Segment Start: Extracted material

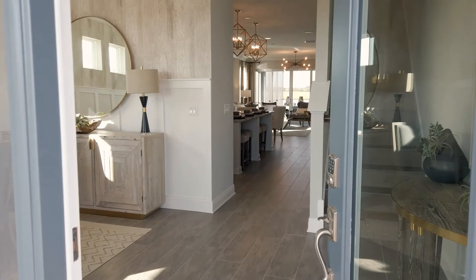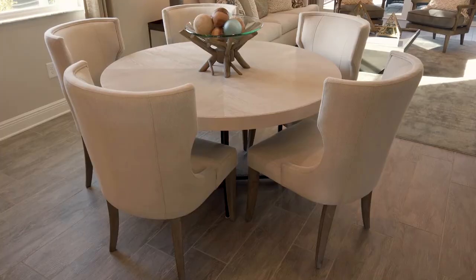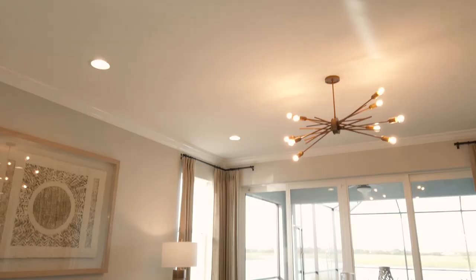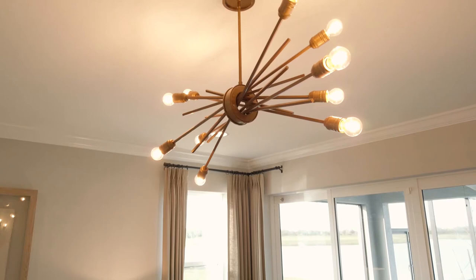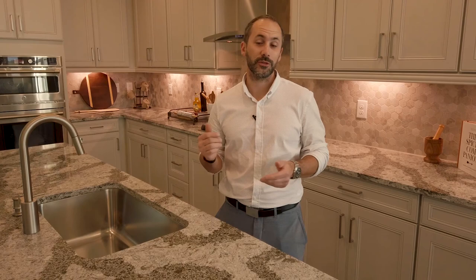We're here in Worthington — it's a new community that MI Homes is building. We're going to check out some of the new inventory, finishes, and prices. This model home in particular is a four-bedroom, two-story with an amazing pool overlooking a lake. They have homes from three bedrooms and up, priced from the $350s up into the $500s.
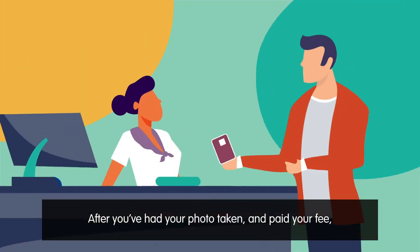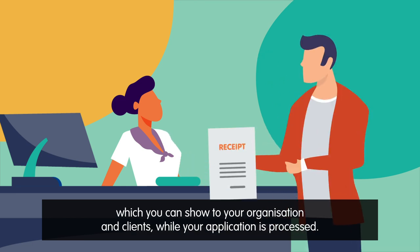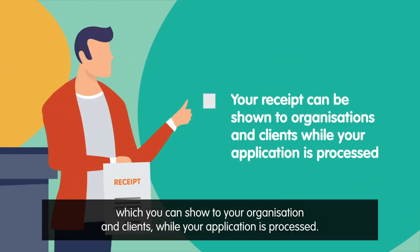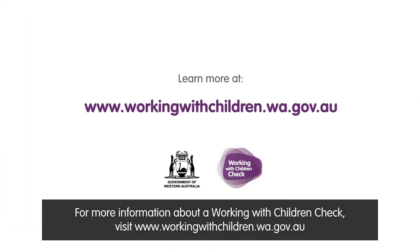After you've had your photo taken and paid your fee, you'll receive a receipt for your application which you can show to your organisation and clients while your application is processed. For more information about a working with children check, visit www.workingwithchildren.wa.gov.au, authorised by the state government Perth.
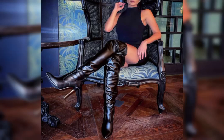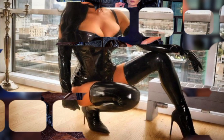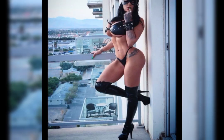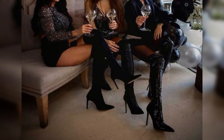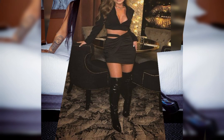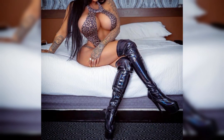Hi friends, how are you all? Welcome to my channel, I hope you are all fine and doing well. Today I am going to share with you very stylish and latest designs of leather outfits for women and girls.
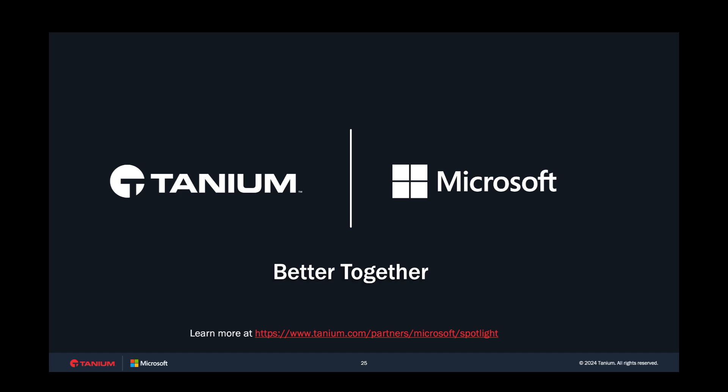Through this investigation, we used Copilot and Tanium to decrease the MTTR for these incidents. Note that no detailed technical knowledge was required to make this happen — just simple language and a connection to underlying tools. For additional information about Tanium's Microsoft Security Copilot integration, visit the Microsoft Spotlight page on tanium.com.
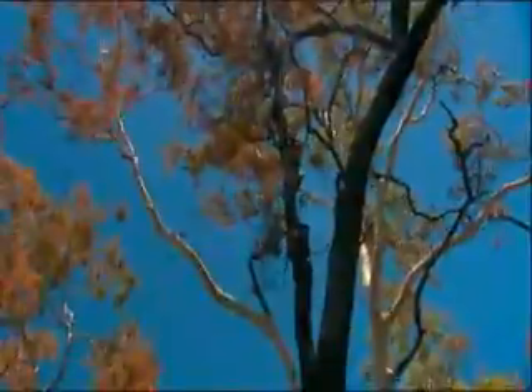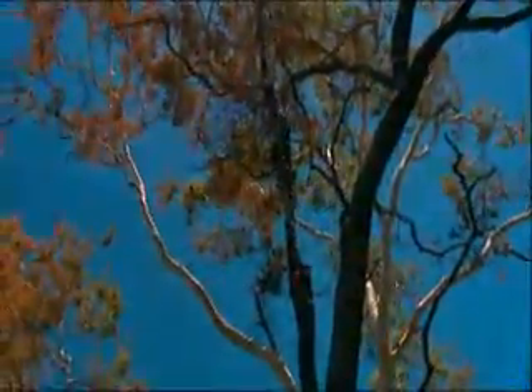Oh, look at that camouflage. He's put his frill down now. He's trying to blend into the bark. That's superb, isn't it? Thank you.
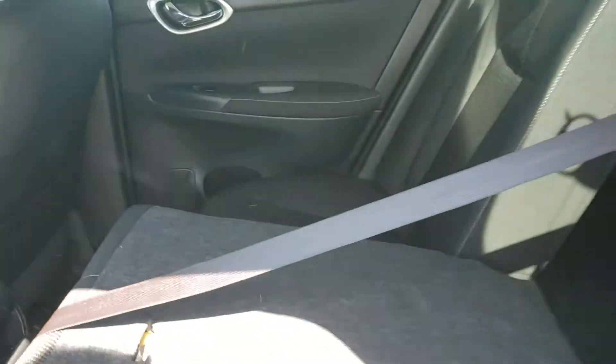If you need extra cargo from the trunk, there's a little lever up top. Both seats fold down mostly flat, giving you that extra cargo room.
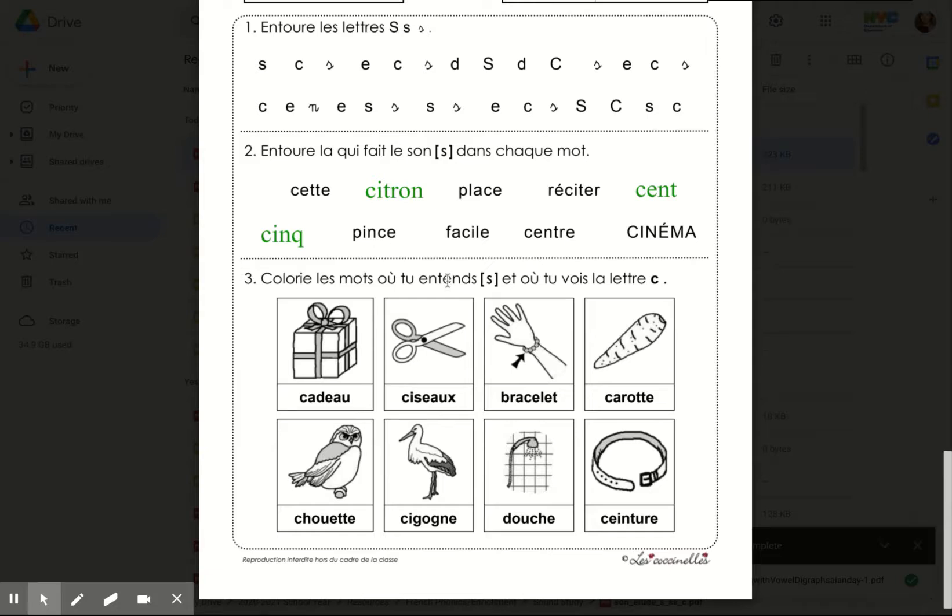Colorie les mots où tu entends S et tu vois la lettre C — colour the words where you hear S and you see the letter C. And of course, repeat after me. Cadeau. Ciseau. Bracelet. Carotte. Chouette. Cigogne. Douche. Ceinture.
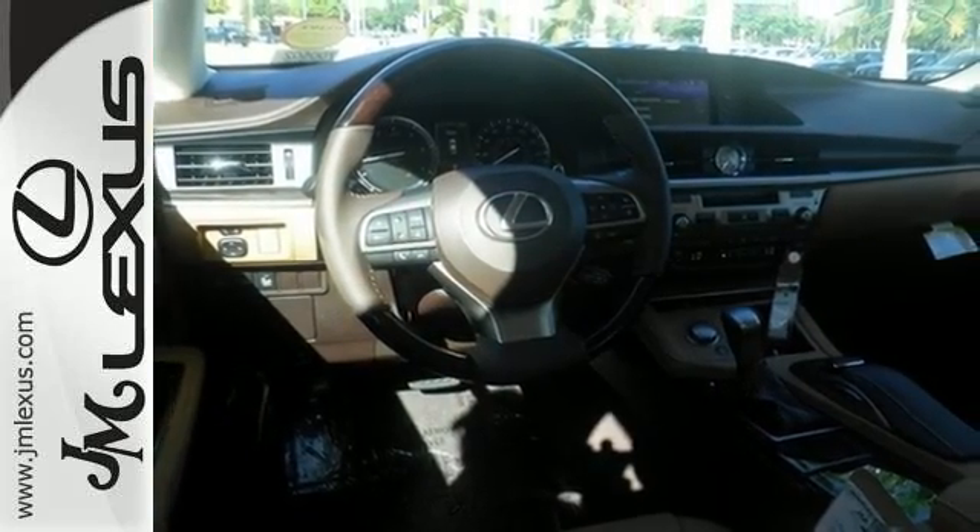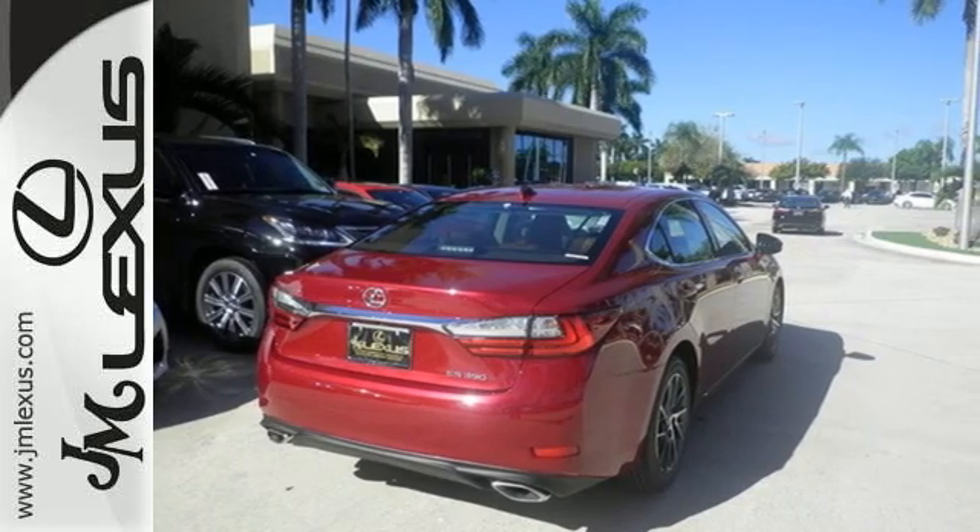Elegant and athletic, this ES350 is ready and waiting. Take it for a test drive today.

Segment End: Extracted material

Problem statement:
Apart from the pictures, every line above must be repeated exactly.

Answer:
We're here in Worthington — it's a new community that MI Homes is building. We're going to check out some of the new inventory, finishes, and prices. This model home in particular is a four-bedroom, two-story with an amazing pool overlooking a lake. They have homes from three bedrooms and up, priced from the $350s up into the $500s.
After you've had your photo taken and paid your fee, you'll receive a receipt for your application which you can show to your organisation and clients while your application is processed. For more information about a working with children check, visit www.workingwithchildren.wa.gov.au, authorised by the state government Perth.
Hi friends, how are you all? Welcome to my channel, I hope you are all fine and doing well. Today I am going to share with you very stylish and latest designs of leather outfits for women and girls.
Through this investigation, we used Copilot and Tanium to decrease the MTTR for these incidents. Note that no detailed technical knowledge was required to make this happen — just simple language and a connection to underlying tools. For additional information about Tanium's Microsoft Security Copilot integration, visit the Microsoft Spotlight page on tanium.com.
Oh, look at that camouflage. He's put his frill down now. He's trying to blend into the bark. That's superb, isn't it? Thank you.
If you need extra cargo from the trunk, there's a little lever up top. Both seats fold down mostly flat, giving you that extra cargo room.
Colorie les mots où tu entends S et tu vois la lettre C — colour the words where you hear S and you see the letter C. And of course, repeat after me. Cadeau. Ciseau. Bracelet. Carotte. Chouette. Cigogne. Douche. Ceinture.
Elegant and athletic, this ES350 is ready and waiting. Take it for a test drive today.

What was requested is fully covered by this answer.